Next, let's load the data and preview it in our notebook:

In [None]:
#Load NBA player of the week data, while simultaneously converting the date column to a date datatype
potw_data = pd.read_csv('https://github.com/BryanDfor3/NBA-POTW-PREDICTION/blob/main/NBA%20Players%20of%20the%20Week%20Data.csv?raw=true', parse_dates = ['Date'], date_format = '%b %d, %Y')

#Download the latest version of the traditional and advanced box score data from Kaggle
trad_path = kagglehub.dataset_download("szymonjwiak/nba-traditional")
adv_path = kagglehub.dataset_download("szymonjwiak/nba-advanced-boxscores-1997-2023")

#Load the box score data downloaded from the previous step into variables
trad_bs_data = pd.read_csv(trad_path+"/traditional.csv", parse_dates = ['date'], date_format = '%Y-%m-%d')
adv_bs_data = pd.read_csv(adv_path+"/advanced.csv", parse_dates = ['date'], date_format = '%Y-%m-%d')

print('potw_data: ', '\n', potw_data.head(5), '\n', 'trad_bs_data: ', '\n', trad_bs_data.head(5))

One thing to consider is that the Player of the Week Award may not always be awarded on the same day of the week. We need to check for this to ensure that the way we define our weeks is standardized:

In [None]:
#Observe which days of the week the POTW is awarded on to treat data appropriately downstream. Then add weekday to the box score data
potw_data['weekday'] = potw_data['Date'].dt.day_name()
trad_bs_data['weekday'] = trad_bs_data['date'].dt.day_name()
adv_bs_data['weekday'] = adv_bs_data['date'].dt.day_name()
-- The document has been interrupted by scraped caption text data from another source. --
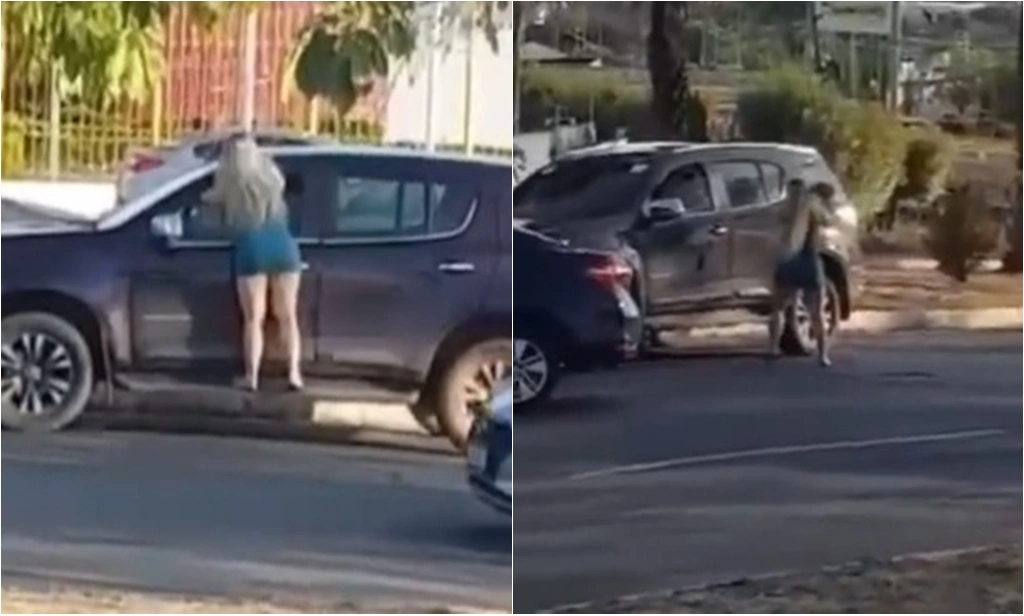 Mulher é flagrada depredando carro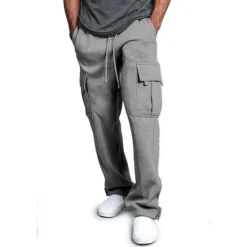 Hot OUKU Men's Cargo Pants Sweatpants Joggers Trousers Cargo Sweatpants Wide Leg Solid Color Full Length Sports Outdoor Daily Classic Casual Loose Fit Black White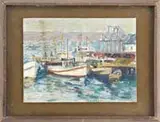 Signed, Along the Docks, Oil on artist board harbor scene shows several boats moored along a large dock with buildings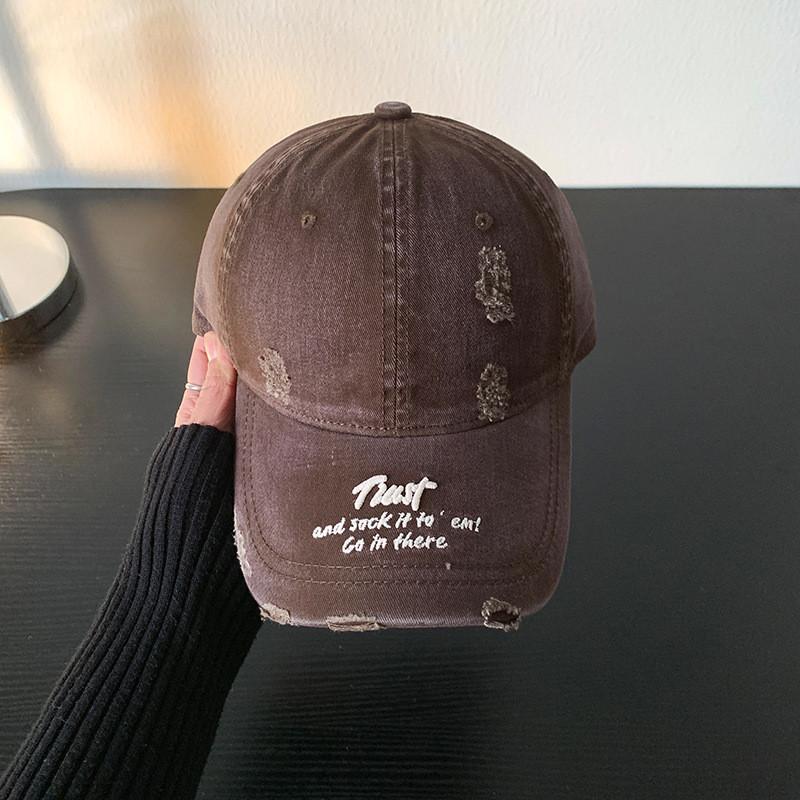 Street Dance Cap With Embroidered Lettering And Sun Shield For Summer Casual Wear Brown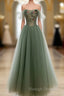 Light Green Sweetheart A-Line Prom Dress, Green Long Party Dress With Lace Applique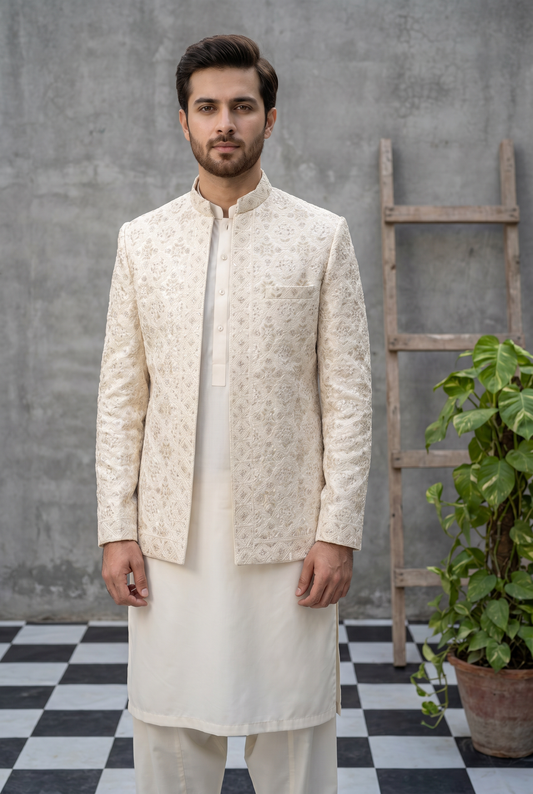 Tajdaar – Premium Off-White Satin Embroidered Prince Coat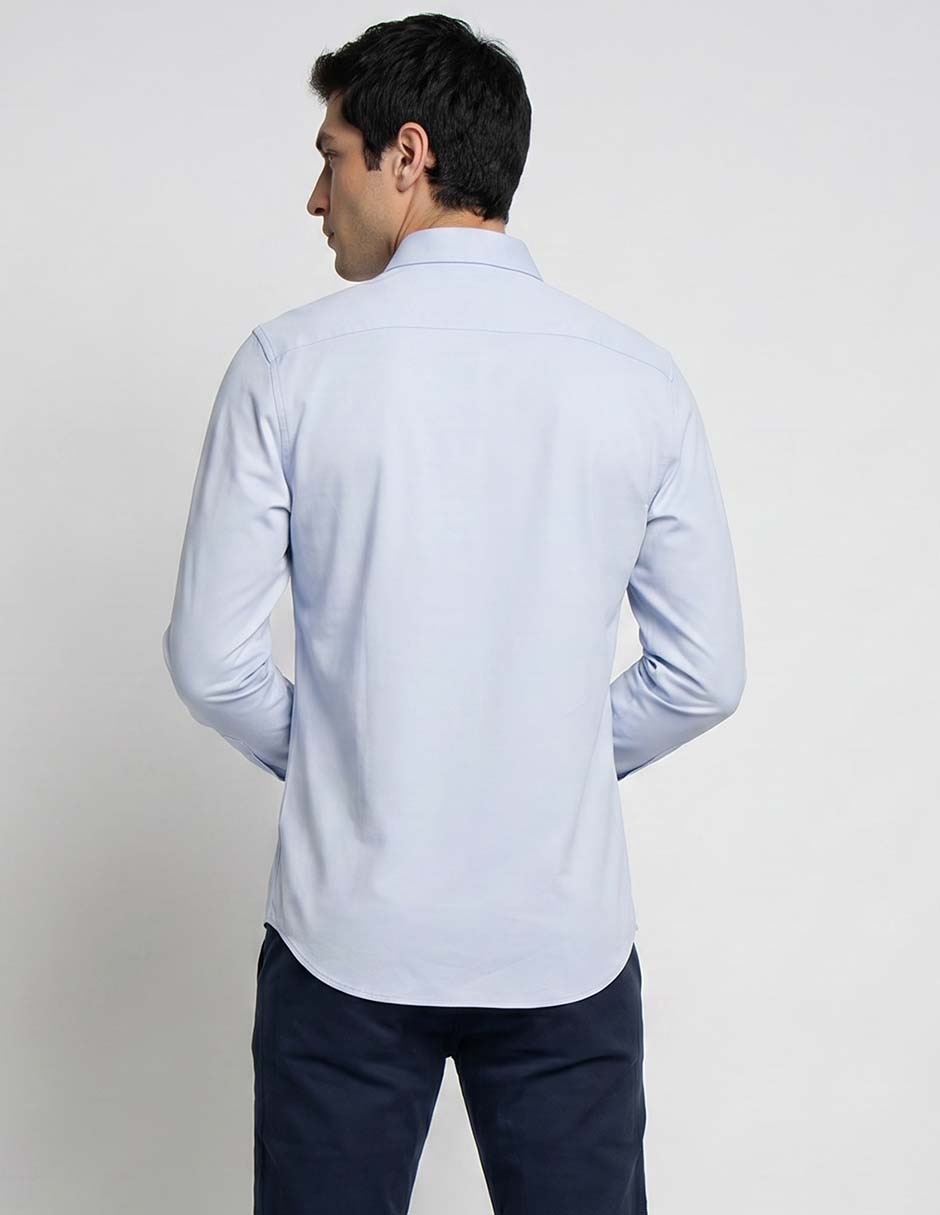 Camisa business casual de algodón manga larga para hombre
#Observe the breakdown of weekdays that Player of the Week is awarded on
potw_data['weekday'].value_counts(normalize=True)

Let's see if this changes when we filter our data for the last 11 NBA seasons worth of data:

In [None]:
#Filter the data to keep the last 11 years of data only
potw_data = potw_data[((potw_data['Date'] >= '2014') | (potw_data['Season'] == '2013-2014')) & (potw_data['Season'] != '2024-2025')]
trad_bs_data = trad_bs_data[((trad_bs_data['date'] >= '2014') | (trad_bs_data['season'] == 2014)) & (trad_bs_data['type'] == 'regular')]
adv_bs_data = adv_bs_data[((adv_bs_data['date'] >= '2014') | (adv_bs_data['season'] == 2014)) & (adv_bs_data['type'] == 'regular')]

#Observe the breakdown of weekdays that Player of the Week is awarded on
potw_data['weekday'].value_counts(normalize=True)

Looks like the NBA has been pretty consistent about announcing the award on Mondays with the exception of a few Tuesday announcements over the last 11 years. Let's make sure to account for this in our next steps.

## 3. Using Data Transformations to Define Our Weeks and Defining Our Model

Ideally, our date definitions for the award winners should be consistent. I want to establish 'week starting' and 'week ending' columns to avoid any overlap between our dataframes. Since we have some data that represents Mondays and other data representing Tuesdays, let's standardize both cases so that all of our weeks start on Monday and end on Sunday:

In [None]:
#Calculate the 'week starting' and 'week ending' using the date and weekday that the POTW was awarded (Monday version)
def week_ending(weekday):
    '''
    This function takes a day of the week and a date field and computes the day that the week started on

    INPUTS
    date - The date to be transformed
    weekday - A value representing the day of the week (e.g. Monday, Tuesday, etc.) represented by the date

    OUTPUTS
    date_delta - The transformed date
    '''

    deltas = {'Monday': 1, 'Tuesday': 2, 'Wednesday': 3, 'Thursday': 4, 'Friday': 5, 'Saturday': 6, 'Sunday': 0}
    date_delta = pd.Timedelta(days=deltas[weekday])
    return date_delta

#Calculate the 'week starting' and 'week ending' using the date and weekday that the POTW was awarded (Tuesday version)
def week_ending2(weekday):
    '''
    This function takes a day of the week and a date field and computes the day that the week started on

    INPUTS
    date - The date to be transformed
    weekday - A value representing the day of the week (e.g. Monday, Tuesday, etc.) represented by the date

    OUTPUTS
    date_delta - The transformed date
    '''

    deltas = {'Monday': 6, 'Tuesday': 5, 'Wednesday': 4, 'Thursday': 3, 'Friday': 2, 'Saturday': 1, 'Sunday': 0}
    date_delta = pd.Timedelta(days=deltas[weekday])
    return date_delta

#Calculate the week ending date using the custom function defined earlier
potw_data['week ending'] = potw_data['Date'] - potw_data['weekday'].apply(week_ending)
trad_bs_data['week ending'] = trad_bs_data['date'] + trad_bs_data['weekday'].apply(week_ending2)
adv_bs_data['week ending'] = adv_bs_data['date'] + adv_bs_data['weekday'].apply(week_ending2)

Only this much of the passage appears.